By Bob Forshay | Jul 01, 2020
National Safety Month is upon us. It's worth a few minutes to reflect on how your firm measures up in this area of business.
There are a couple of important ways to look at safety. We will look at people, and then at business that supports people with their incomes from their work. Pavlov always said the basis of survival starts with the individual feeling safe.
Before we go there, here are the key areas of focus from the National Safety Council to boost awareness:
Each of these represents the areas of greatest potential for improvement. Safety starts with an attitude, a way of prioritizing prevention. It helps to first understand the impact of the lack of prioritization.
First. let's think about worker safety.
Safe environment, safe equipment, and safe conditions all begin with safety attitude. When you make safety the top priority and all employees from the CEO down to the janitor start their conversations with zero lost days, you know you have the right attitude. If you are missing this approach, you are leaving safety up to chance and accidents will happen where humans are involved. The main concern is that all accidents are preventable. Injury and loss of life are costly in so many ways, not to mention productivity, operations cost, and reputation.
In contrast, an employee who sees the commitment to safety first will go the extra mile for you every day, productivity gains! I once saw a brick manufacturing business of some 60 years of operation go out of business because a worker at the feedstock front end of the process was working alone, fell asleep and fell into the crusher, coming out later in the bricks mold downstream in the process. That company was forced out of business because of this incident that was 100 percent preventable.
According to OSHA, the meat industry reported 23,500 nonfatal worker incidents in 2018, and most involved injuries. That averages out to about 64 cases a day nationwide. Illness and injury rates have fallen 85 percent in the past 20 years, labor data show. In 2008, the meatpacking incident rate was 10.3 per 100 workers, more than double the national average of 3.9. Before that, it was 29.3, higher than any other industry category, in 1998.
According to The Guardian and the Bureau of Investigative Journalism, two amputations a week result from accidents at U.S. meat plants result in two amputations every week, as well as fractured fingers, second-degree burns, and head trauma. U.S, meat workers are three times more likely to suffer serious injury than the average American worker, and pork and beef workers nearly seven times more likely to suffer repetitive strain injuries.
Let's compare that to other careers.
Data from the Bureau of Labor Statistics (BLS), the rate of fatal work injuries for police officers in 2014 was 13.5 per 100,000 full-time equivalent workers, compared to 3.4 for all occupations. Similarly, the rate of nonfatal occupational injuries and illnesses involving days away from work among police officers was 485.8 cases per 10,000 full-time workers in 2014; the rate was 107.1 cases for all occupations.
Employer-reported injury and illness rate unchanged in 2018 at 2.8 cases per 100 workers, according to BLS data. The largest area of injury is manufacturing, with meat processing being a huge contributor, then materials movers, followed by transportation.
Clearly, we are seeing a lot of profits going down the drain and lost productivity where there is a lack of prioritization. And all this is coupled to loss of income for workers and their families. Taking a different approach, being ready to invest into better systems, training and a culture prioritizing zero lost days translates directly to efforts to reduce lost time incidents in our business. It's just good for the bottom line as well as for workers and of course.
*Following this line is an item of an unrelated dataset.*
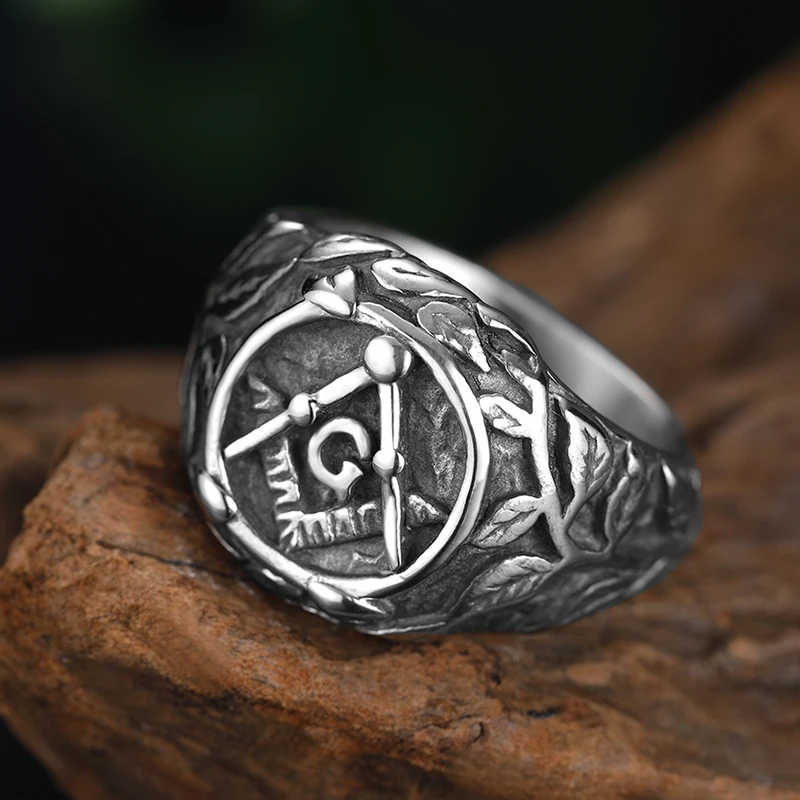 Stainless Steel Men Masonic Rings Flowers Freemasonry Punk Rock Hip Hop for Biker Male Boyfriend Jewelry Creativity Party Gift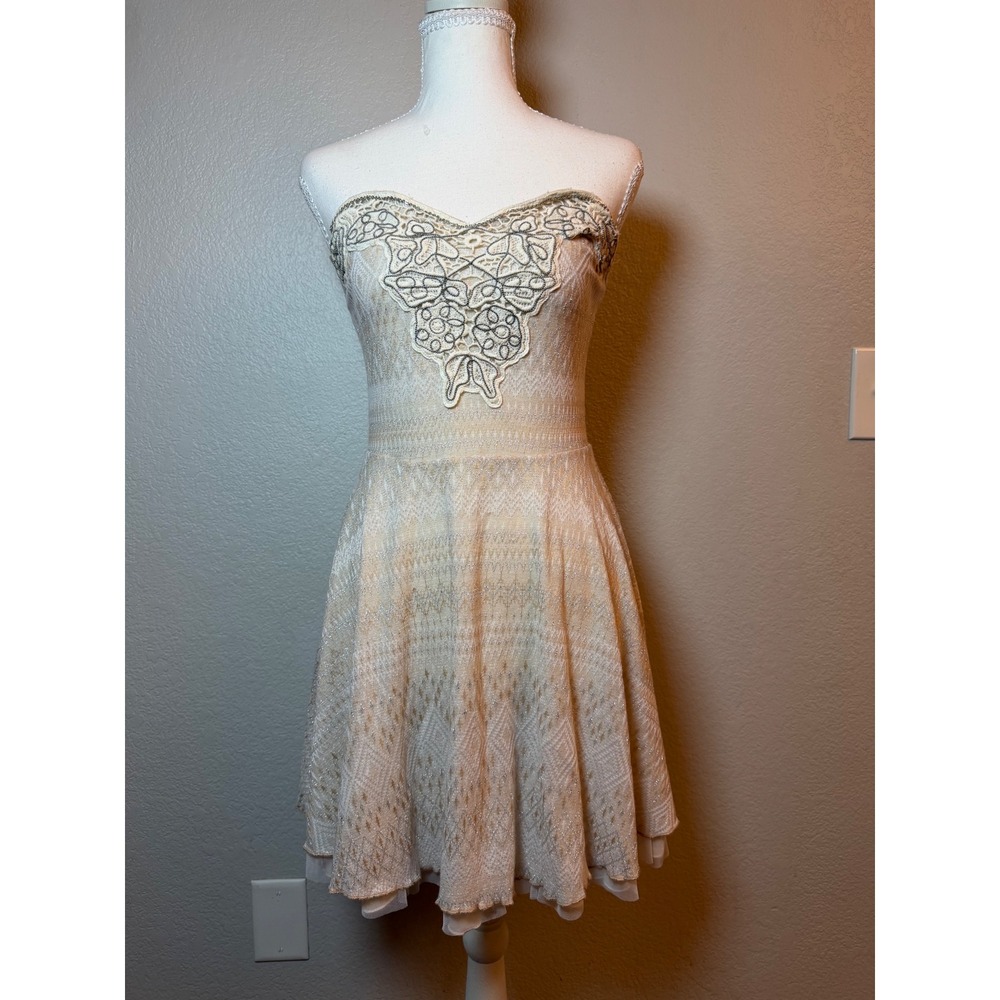 Free People Strapless Metallic Lace Knit Fit & Flare Mini Dress Cream Silver M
At $170 billion a year nationwide, the direct and indirect costs of work injuries and illnesses equal those of cancer, according to the National Institute for Occupational Safety and Health. Employers can save $4 to $6 for every dollar spent on safety and health programs. Workplaces with successful safety and health management systems reduce injury and illness costs 20 to 40 percent, according to OSHA.
It's important to recognize, this area of cost control being directly within the control of management, this would seem to be a no-brainer. But change takes time. And governments don't always support positive change when regulations oversight goes unfunded or legislation makes it more challenging. A smart business leader will be proactive when it is clearly good for everyone and the bottom line.
Next let's think about business safety in terms of sustainability. Or another phrase is business continuity. This is safety about business processes. Security in the sense that a safe place to work equates to a business that plans ahead for the long term, to be profitable. To make work safe reduces the risk of the brick factory incident where they went out of business because of the accident. Add to that IP protection, communications, and business networks sharing of data followed by risk reduction and management of the supply chain, including partners.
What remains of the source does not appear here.